── RECORDS TO USE

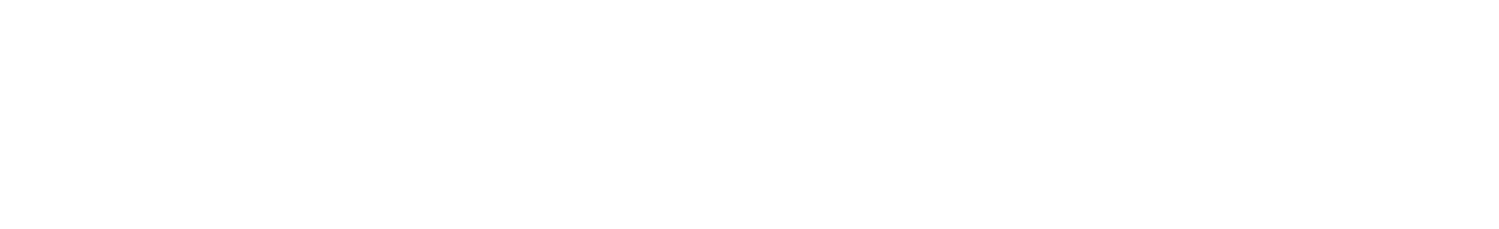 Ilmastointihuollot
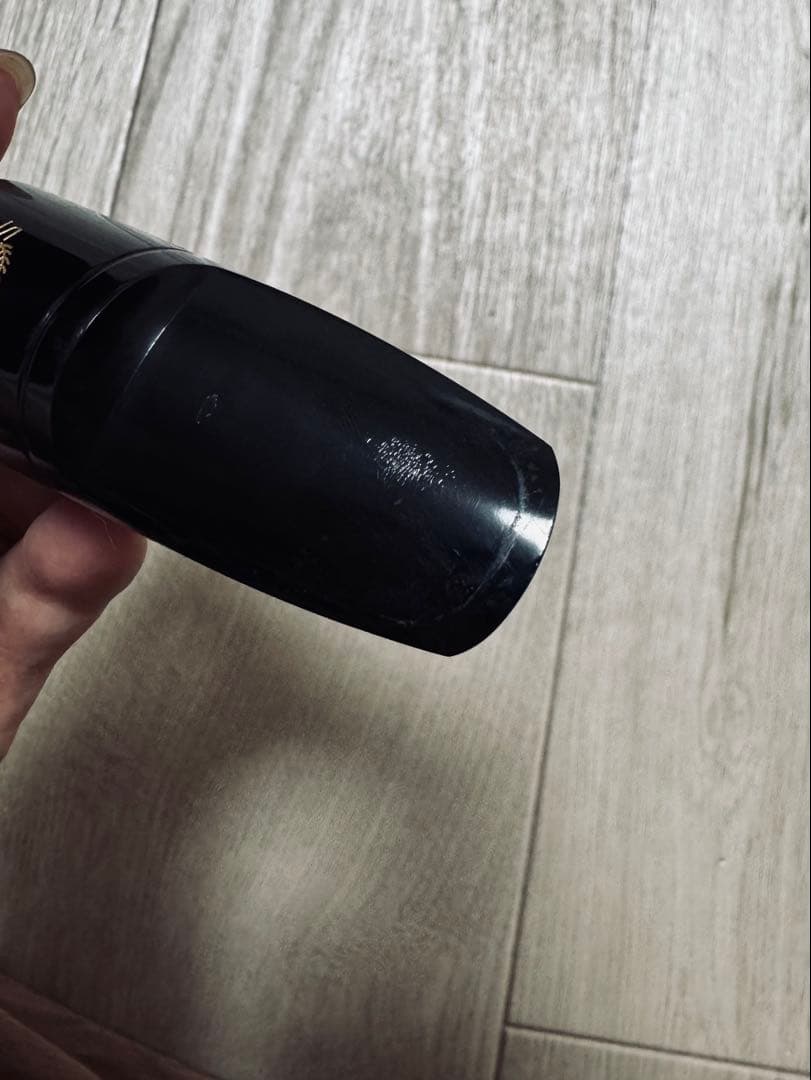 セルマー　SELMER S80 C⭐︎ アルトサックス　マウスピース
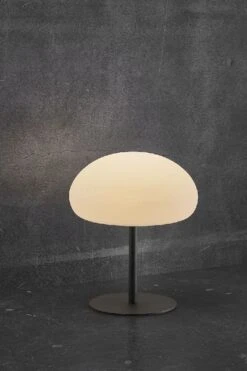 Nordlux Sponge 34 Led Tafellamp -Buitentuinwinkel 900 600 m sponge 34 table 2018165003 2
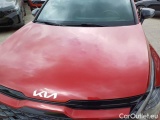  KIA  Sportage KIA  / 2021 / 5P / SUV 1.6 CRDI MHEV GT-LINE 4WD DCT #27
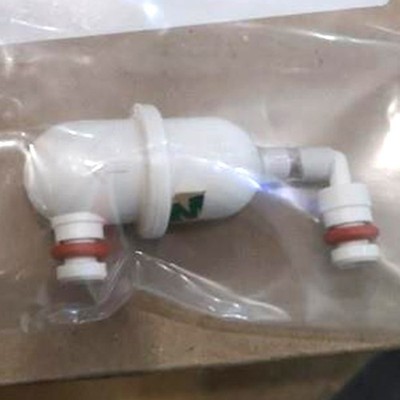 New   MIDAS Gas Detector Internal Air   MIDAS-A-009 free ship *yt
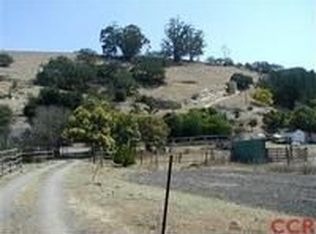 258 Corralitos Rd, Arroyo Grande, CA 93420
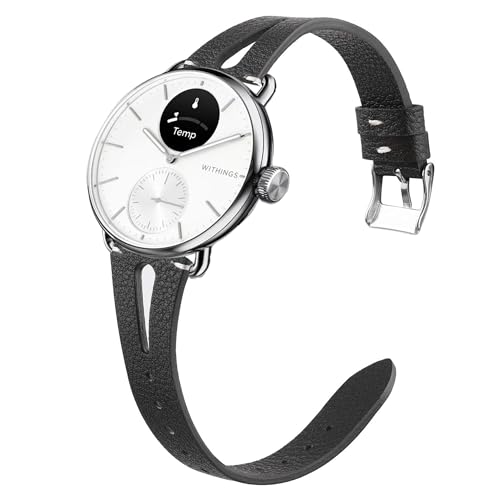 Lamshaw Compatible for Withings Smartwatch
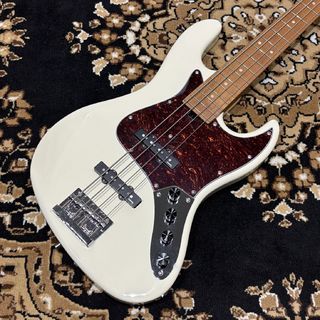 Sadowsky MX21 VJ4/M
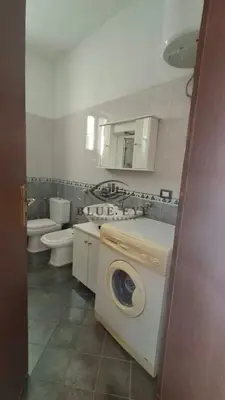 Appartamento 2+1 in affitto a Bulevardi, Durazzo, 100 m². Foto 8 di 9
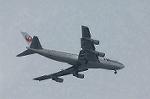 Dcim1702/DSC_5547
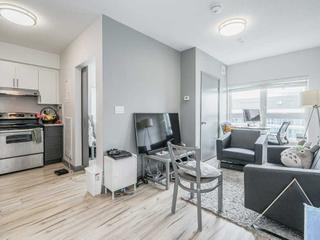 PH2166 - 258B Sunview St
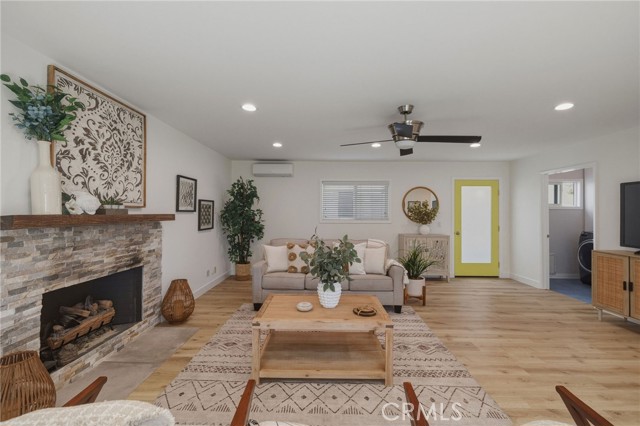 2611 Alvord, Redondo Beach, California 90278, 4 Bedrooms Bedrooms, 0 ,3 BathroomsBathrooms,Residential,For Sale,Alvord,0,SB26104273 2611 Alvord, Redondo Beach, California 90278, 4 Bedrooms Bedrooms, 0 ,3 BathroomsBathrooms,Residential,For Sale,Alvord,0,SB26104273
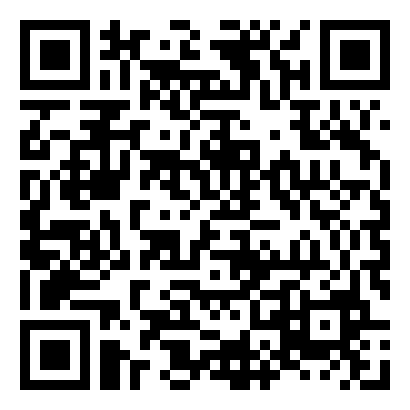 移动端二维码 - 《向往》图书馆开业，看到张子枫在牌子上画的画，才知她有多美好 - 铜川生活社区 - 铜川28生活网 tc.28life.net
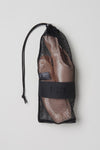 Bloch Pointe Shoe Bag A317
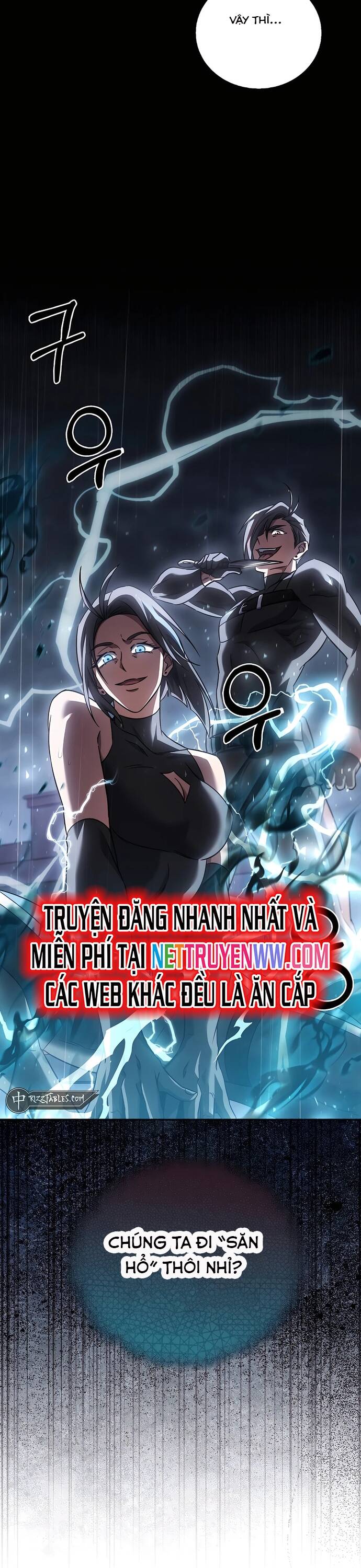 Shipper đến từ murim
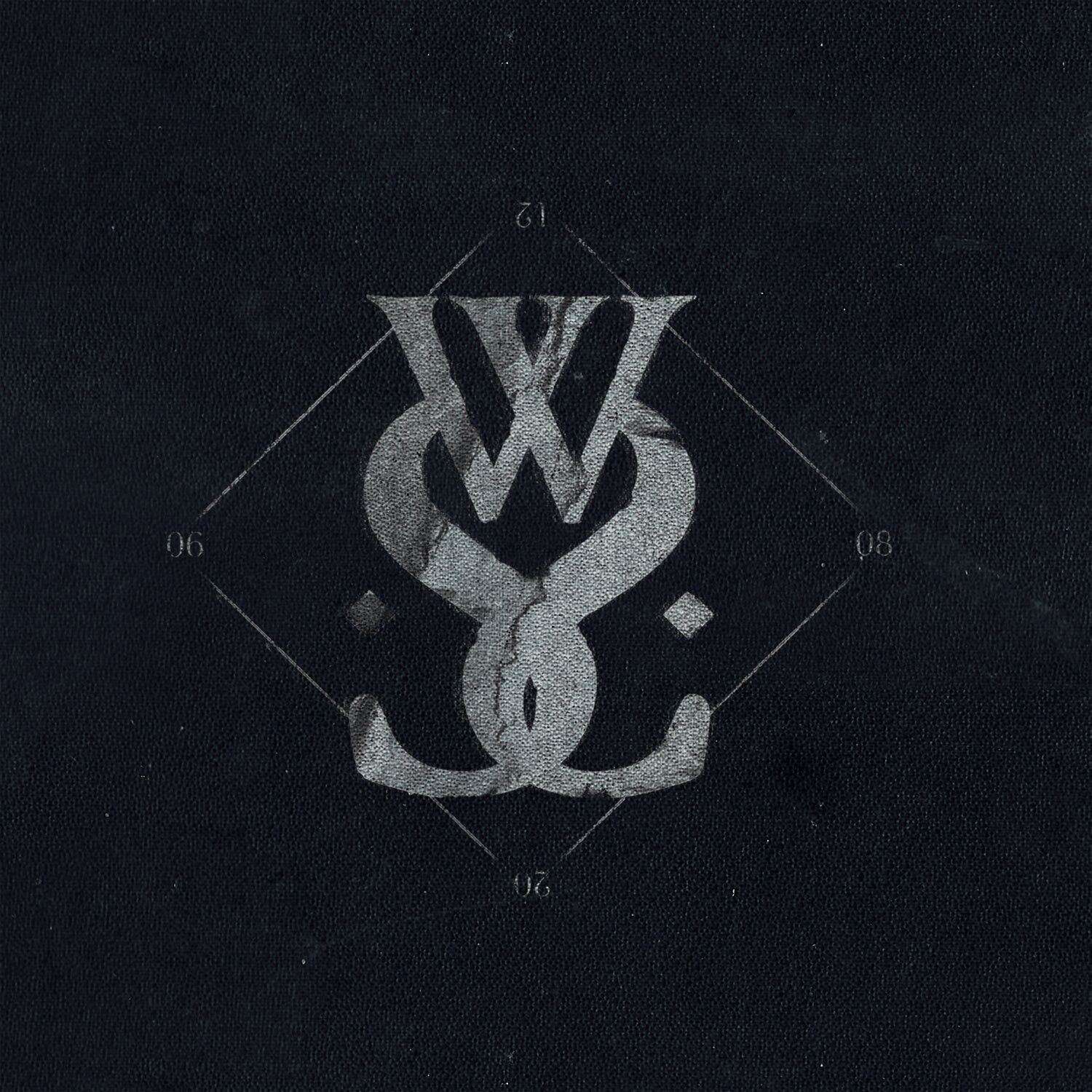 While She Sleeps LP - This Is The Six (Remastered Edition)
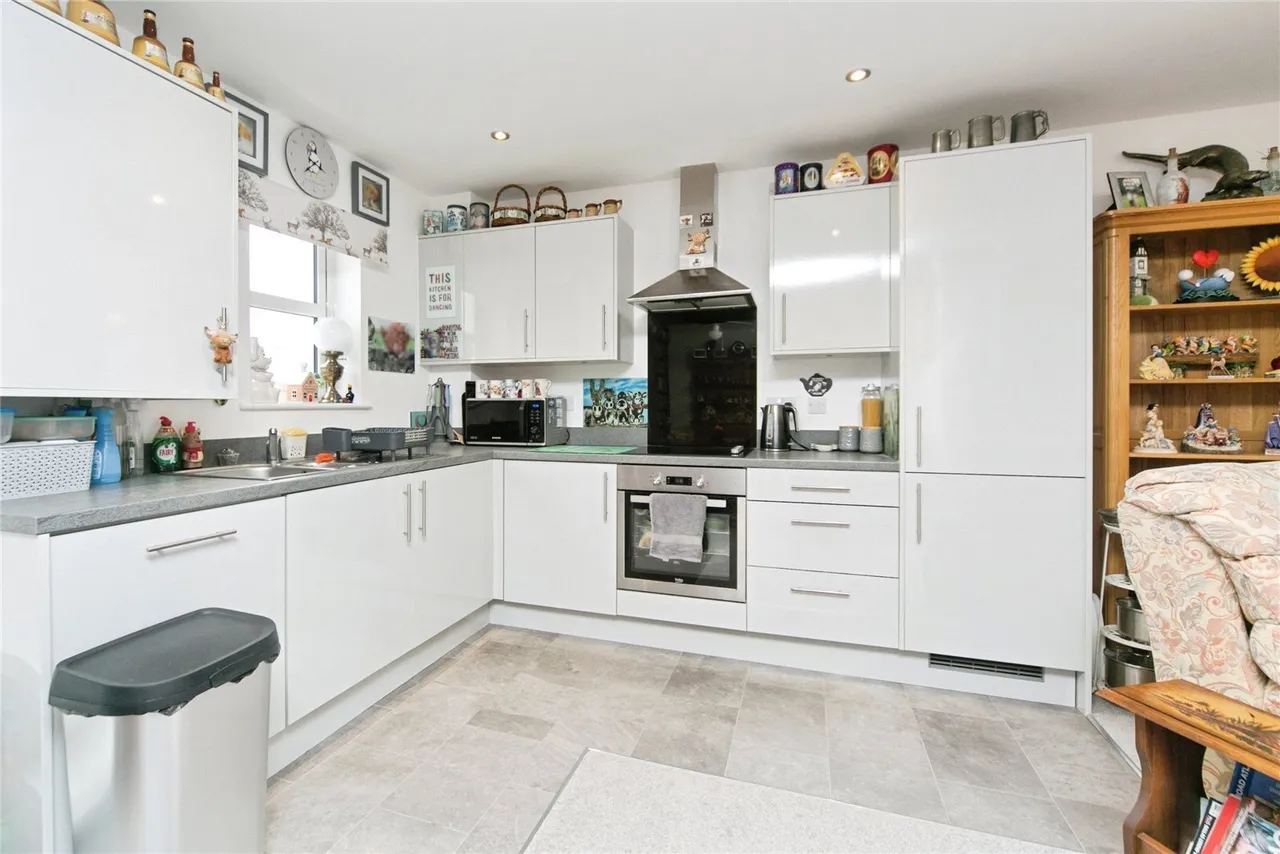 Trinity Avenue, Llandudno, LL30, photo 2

────

◆ **REQUIREMENT**
Retype exactly the lines from the one containing "free ship *yt" through the last line of the records above, both included, and leave out any pictures.

◆ **EXERCISE RESULT**
 New   MIDAS Gas Detector Internal Air   MIDAS-A-009 free ship *yt
 258 Corralitos Rd, Arroyo Grande, CA 93420
 Lamshaw Compatible for Withings Smartwatch
 Sadowsky MX21 VJ4/M
 Appartamento 2+1 in affitto a Bulevardi, Durazzo, 100 m². Foto 8 di 9
 Dcim1702/DSC_5547
 PH2166 - 258B Sunview St
 2611 Alvord, Redondo Beach, California 90278, 4 Bedrooms Bedrooms, 0 ,3 BathroomsBathrooms,Residential,For Sale,Alvord,0,SB26104273 2611 Alvord, Redondo Beach, California 90278, 4 Bedrooms Bedrooms, 0 ,3 BathroomsBathrooms,Residential,For Sale,Alvord,0,SB26104273
 移动端二维码 - 《向往》图书馆开业，看到张子枫在牌子上画的画，才知她有多美好 - 铜川生活社区 - 铜川28生活网 tc.28life.net
 Bloch Pointe Shoe Bag A317
 Shipper đến từ murim
 While She Sleeps LP - This Is The Six (Remastered Edition)
 Trinity Avenue, Llandudno, LL30, photo 2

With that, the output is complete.